## [SUPPLIED DATA]
──────────────────────────────
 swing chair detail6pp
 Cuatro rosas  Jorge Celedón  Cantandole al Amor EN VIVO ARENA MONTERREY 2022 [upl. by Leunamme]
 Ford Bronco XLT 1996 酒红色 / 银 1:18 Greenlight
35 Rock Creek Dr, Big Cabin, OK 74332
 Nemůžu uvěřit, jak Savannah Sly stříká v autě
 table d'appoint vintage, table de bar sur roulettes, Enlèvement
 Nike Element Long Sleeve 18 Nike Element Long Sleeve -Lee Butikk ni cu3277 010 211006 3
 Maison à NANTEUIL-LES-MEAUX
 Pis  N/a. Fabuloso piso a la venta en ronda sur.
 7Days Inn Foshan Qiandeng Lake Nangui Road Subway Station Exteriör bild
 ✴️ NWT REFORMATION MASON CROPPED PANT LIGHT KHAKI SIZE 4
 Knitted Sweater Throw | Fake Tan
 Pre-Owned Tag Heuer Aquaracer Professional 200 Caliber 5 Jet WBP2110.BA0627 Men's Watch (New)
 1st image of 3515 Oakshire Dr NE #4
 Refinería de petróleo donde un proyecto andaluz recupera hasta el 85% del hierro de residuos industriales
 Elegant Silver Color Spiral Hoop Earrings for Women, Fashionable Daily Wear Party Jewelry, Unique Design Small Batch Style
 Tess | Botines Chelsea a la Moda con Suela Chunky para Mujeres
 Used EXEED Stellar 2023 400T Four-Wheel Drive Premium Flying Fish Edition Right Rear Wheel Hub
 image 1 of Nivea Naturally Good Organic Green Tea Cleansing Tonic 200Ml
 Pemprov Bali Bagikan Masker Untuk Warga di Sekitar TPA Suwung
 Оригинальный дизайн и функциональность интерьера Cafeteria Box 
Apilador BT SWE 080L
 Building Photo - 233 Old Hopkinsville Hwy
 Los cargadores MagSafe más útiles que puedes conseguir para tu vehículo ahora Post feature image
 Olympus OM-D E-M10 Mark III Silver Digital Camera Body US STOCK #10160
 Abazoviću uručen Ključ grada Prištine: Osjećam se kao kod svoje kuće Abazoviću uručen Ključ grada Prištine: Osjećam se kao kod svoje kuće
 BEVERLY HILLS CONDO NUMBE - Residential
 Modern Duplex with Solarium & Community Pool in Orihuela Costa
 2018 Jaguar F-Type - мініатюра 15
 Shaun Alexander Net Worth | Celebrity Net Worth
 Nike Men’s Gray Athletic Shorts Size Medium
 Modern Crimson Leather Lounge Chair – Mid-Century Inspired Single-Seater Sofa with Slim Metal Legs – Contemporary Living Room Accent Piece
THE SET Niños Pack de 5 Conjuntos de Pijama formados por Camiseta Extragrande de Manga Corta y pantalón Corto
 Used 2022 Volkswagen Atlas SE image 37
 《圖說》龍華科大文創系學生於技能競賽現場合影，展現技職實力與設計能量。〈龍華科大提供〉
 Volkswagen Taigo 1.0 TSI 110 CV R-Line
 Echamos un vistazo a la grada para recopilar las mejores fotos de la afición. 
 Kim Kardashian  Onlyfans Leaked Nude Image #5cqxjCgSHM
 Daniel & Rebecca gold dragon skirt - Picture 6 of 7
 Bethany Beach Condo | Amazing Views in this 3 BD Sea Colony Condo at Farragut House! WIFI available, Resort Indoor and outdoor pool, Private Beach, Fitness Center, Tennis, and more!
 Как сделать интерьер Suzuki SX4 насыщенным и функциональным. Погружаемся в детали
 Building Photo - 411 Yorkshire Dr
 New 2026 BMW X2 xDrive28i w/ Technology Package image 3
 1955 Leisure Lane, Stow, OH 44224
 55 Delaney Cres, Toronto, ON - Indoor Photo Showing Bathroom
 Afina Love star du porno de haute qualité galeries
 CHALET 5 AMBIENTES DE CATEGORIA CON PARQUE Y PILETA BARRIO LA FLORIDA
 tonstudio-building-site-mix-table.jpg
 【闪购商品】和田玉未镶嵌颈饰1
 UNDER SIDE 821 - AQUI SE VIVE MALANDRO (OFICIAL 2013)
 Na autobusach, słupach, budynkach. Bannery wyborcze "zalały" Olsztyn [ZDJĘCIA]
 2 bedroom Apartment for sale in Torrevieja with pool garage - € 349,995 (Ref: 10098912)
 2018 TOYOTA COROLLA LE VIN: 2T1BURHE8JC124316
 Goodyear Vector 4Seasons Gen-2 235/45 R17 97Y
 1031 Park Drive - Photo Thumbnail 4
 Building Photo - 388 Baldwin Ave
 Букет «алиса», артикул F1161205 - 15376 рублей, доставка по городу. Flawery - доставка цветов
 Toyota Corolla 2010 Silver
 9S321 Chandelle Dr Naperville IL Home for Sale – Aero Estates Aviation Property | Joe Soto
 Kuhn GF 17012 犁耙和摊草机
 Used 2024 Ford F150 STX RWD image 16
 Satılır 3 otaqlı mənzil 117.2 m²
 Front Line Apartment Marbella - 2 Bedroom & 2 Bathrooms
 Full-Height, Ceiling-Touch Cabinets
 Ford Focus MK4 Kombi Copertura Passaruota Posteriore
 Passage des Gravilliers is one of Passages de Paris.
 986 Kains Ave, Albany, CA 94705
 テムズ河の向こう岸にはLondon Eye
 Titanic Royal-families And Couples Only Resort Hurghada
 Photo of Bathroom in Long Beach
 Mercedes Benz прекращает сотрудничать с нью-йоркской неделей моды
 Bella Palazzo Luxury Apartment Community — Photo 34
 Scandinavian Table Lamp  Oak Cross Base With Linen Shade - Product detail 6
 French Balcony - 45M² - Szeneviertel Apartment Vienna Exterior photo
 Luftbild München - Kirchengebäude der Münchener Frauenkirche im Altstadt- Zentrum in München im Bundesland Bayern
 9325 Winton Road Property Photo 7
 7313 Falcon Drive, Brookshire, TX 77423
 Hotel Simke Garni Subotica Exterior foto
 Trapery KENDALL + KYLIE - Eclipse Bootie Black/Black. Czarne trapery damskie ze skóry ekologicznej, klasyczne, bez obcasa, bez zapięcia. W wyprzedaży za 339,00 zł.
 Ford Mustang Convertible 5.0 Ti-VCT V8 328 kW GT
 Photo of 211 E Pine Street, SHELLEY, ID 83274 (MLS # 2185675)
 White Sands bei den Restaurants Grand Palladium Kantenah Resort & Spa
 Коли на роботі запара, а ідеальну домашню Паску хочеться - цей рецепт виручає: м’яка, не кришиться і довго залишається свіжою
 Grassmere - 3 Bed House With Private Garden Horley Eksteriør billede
──────────────────────────────
## [BRIEF]
A word-for-word copy of all the entries above is required.

## [SOLVED PROBLEM]
 swing chair detail6pp
 Cuatro rosas  Jorge Celedón  Cantandole al Amor EN VIVO ARENA MONTERREY 2022 [upl. by Leunamme]
 Ford Bronco XLT 1996 酒红色 / 银 1:18 Greenlight
35 Rock Creek Dr, Big Cabin, OK 74332
 Nemůžu uvěřit, jak Savannah Sly stříká v autě
 table d'appoint vintage, table de bar sur roulettes, Enlèvement
 Nike Element Long Sleeve 18 Nike Element Long Sleeve -Lee Butikk ni cu3277 010 211006 3
 Maison à NANTEUIL-LES-MEAUX
 Pis  N/a. Fabuloso piso a la venta en ronda sur.
 7Days Inn Foshan Qiandeng Lake Nangui Road Subway Station Exteriör bild
 ✴️ NWT REFORMATION MASON CROPPED PANT LIGHT KHAKI SIZE 4
 Knitted Sweater Throw | Fake Tan
 Pre-Owned Tag Heuer Aquaracer Professional 200 Caliber 5 Jet WBP2110.BA0627 Men's Watch (New)
 1st image of 3515 Oakshire Dr NE #4
 Refinería de petróleo donde un proyecto andaluz recupera hasta el 85% del hierro de residuos industriales
 Elegant Silver Color Spiral Hoop Earrings for Women, Fashionable Daily Wear Party Jewelry, Unique Design Small Batch Style
 Tess | Botines Chelsea a la Moda con Suela Chunky para Mujeres
 Used EXEED Stellar 2023 400T Four-Wheel Drive Premium Flying Fish Edition Right Rear Wheel Hub
 image 1 of Nivea Naturally Good Organic Green Tea Cleansing Tonic 200Ml
 Pemprov Bali Bagikan Masker Untuk Warga di Sekitar TPA Suwung
 Оригинальный дизайн и функциональность интерьера Cafeteria Box 
Apilador BT SWE 080L
 Building Photo - 233 Old Hopkinsville Hwy
 Los cargadores MagSafe más útiles que puedes conseguir para tu vehículo ahora Post feature image
 Olympus OM-D E-M10 Mark III Silver Digital Camera Body US STOCK #10160
 Abazoviću uručen Ključ grada Prištine: Osjećam se kao kod svoje kuće Abazoviću uručen Ključ grada Prištine: Osjećam se kao kod svoje kuće
 BEVERLY HILLS CONDO NUMBE - Residential
 Modern Duplex with Solarium & Community Pool in Orihuela Costa
 2018 Jaguar F-Type - мініатюра 15
 Shaun Alexander Net Worth | Celebrity Net Worth
 Nike Men’s Gray Athletic Shorts Size Medium
 Modern Crimson Leather Lounge Chair – Mid-Century Inspired Single-Seater Sofa with Slim Metal Legs – Contemporary Living Room Accent Piece
THE SET Niños Pack de 5 Conjuntos de Pijama formados por Camiseta Extragrande de Manga Corta y pantalón Corto
 Used 2022 Volkswagen Atlas SE image 37
 《圖說》龍華科大文創系學生於技能競賽現場合影，展現技職實力與設計能量。〈龍華科大提供〉
 Volkswagen Taigo 1.0 TSI 110 CV R-Line
 Echamos un vistazo a la grada para recopilar las mejores fotos de la afición. 
 Kim Kardashian  Onlyfans Leaked Nude Image #5cqxjCgSHM
 Daniel & Rebecca gold dragon skirt - Picture 6 of 7
 Bethany Beach Condo | Amazing Views in this 3 BD Sea Colony Condo at Farragut House! WIFI available, Resort Indoor and outdoor pool, Private Beach, Fitness Center, Tennis, and more!
 Как сделать интерьер Suzuki SX4 насыщенным и функциональным. Погружаемся в детали
 Building Photo - 411 Yorkshire Dr
 New 2026 BMW X2 xDrive28i w/ Technology Package image 3
 1955 Leisure Lane, Stow, OH 44224
 55 Delaney Cres, Toronto, ON - Indoor Photo Showing Bathroom
 Afina Love star du porno de haute qualité galeries
 CHALET 5 AMBIENTES DE CATEGORIA CON PARQUE Y PILETA BARRIO LA FLORIDA
 tonstudio-building-site-mix-table.jpg
 【闪购商品】和田玉未镶嵌颈饰1
 UNDER SIDE 821 - AQUI SE VIVE MALANDRO (OFICIAL 2013)
 Na autobusach, słupach, budynkach. Bannery wyborcze "zalały" Olsztyn [ZDJĘCIA]
 2 bedroom Apartment for sale in Torrevieja with pool garage - € 349,995 (Ref: 10098912)
 2018 TOYOTA COROLLA LE VIN: 2T1BURHE8JC124316
 Goodyear Vector 4Seasons Gen-2 235/45 R17 97Y
 1031 Park Drive - Photo Thumbnail 4
 Building Photo - 388 Baldwin Ave
 Букет «алиса», артикул F1161205 - 15376 рублей, доставка по городу. Flawery - доставка цветов
 Toyota Corolla 2010 Silver
 9S321 Chandelle Dr Naperville IL Home for Sale – Aero Estates Aviation Property | Joe Soto
 Kuhn GF 17012 犁耙和摊草机
 Used 2024 Ford F150 STX RWD image 16
 Satılır 3 otaqlı mənzil 117.2 m²
 Front Line Apartment Marbella - 2 Bedroom & 2 Bathrooms
 Full-Height, Ceiling-Touch Cabinets
 Ford Focus MK4 Kombi Copertura Passaruota Posteriore
 Passage des Gravilliers is one of Passages de Paris.
 986 Kains Ave, Albany, CA 94705
 テムズ河の向こう岸にはLondon Eye
 Titanic Royal-families And Couples Only Resort Hurghada
 Photo of Bathroom in Long Beach
 Mercedes Benz прекращает сотрудничать с нью-йоркской неделей моды
 Bella Palazzo Luxury Apartment Community — Photo 34
 Scandinavian Table Lamp  Oak Cross Base With Linen Shade - Product detail 6
 French Balcony - 45M² - Szeneviertel Apartment Vienna Exterior photo
 Luftbild München - Kirchengebäude der Münchener Frauenkirche im Altstadt- Zentrum in München im Bundesland Bayern
 9325 Winton Road Property Photo 7
 7313 Falcon Drive, Brookshire, TX 77423
 Hotel Simke Garni Subotica Exterior foto
 Trapery KENDALL + KYLIE - Eclipse Bootie Black/Black. Czarne trapery damskie ze skóry ekologicznej, klasyczne, bez obcasa, bez zapięcia. W wyprzedaży za 339,00 zł.
 Ford Mustang Convertible 5.0 Ti-VCT V8 328 kW GT
 Photo of 211 E Pine Street, SHELLEY, ID 83274 (MLS # 2185675)
 White Sands bei den Restaurants Grand Palladium Kantenah Resort & Spa
 Коли на роботі запара, а ідеальну домашню Паску хочеться - цей рецепт виручає: м’яка, не кришиться і довго залишається свіжою
 Grassmere - 3 Bed House With Private Garden Horley Eksteriør billede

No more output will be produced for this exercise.